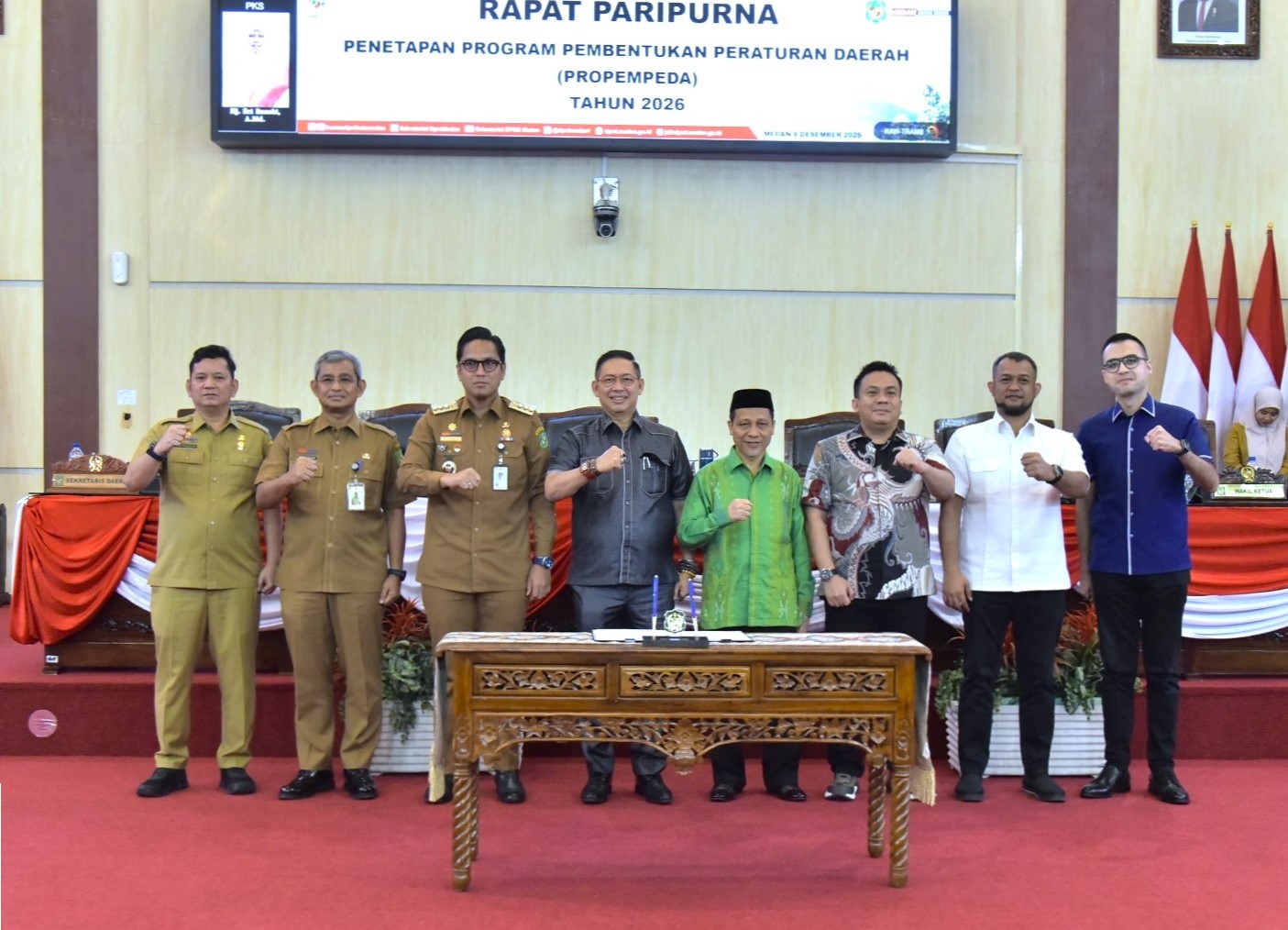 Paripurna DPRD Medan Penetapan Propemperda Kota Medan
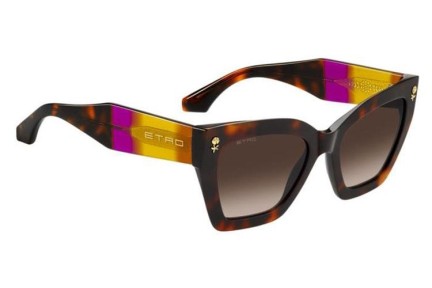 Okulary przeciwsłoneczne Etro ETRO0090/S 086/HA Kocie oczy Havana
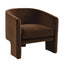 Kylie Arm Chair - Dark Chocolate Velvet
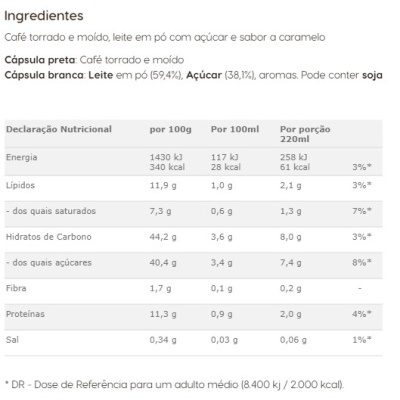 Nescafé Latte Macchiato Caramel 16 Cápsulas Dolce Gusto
::::::::
● **TASK GOAL**:
Starting at the line with "Kylie Arm Chair - Dark Chocolate Velvet" and stopping at the final line of the material, reproduce each line exactly, both ends included. Leave the pictures out.

● **COMPLETED TASK**:
 Kylie Arm Chair - Dark Chocolate Velvet
 Nescafé Latte Macchiato Caramel 16 Cápsulas Dolce Gusto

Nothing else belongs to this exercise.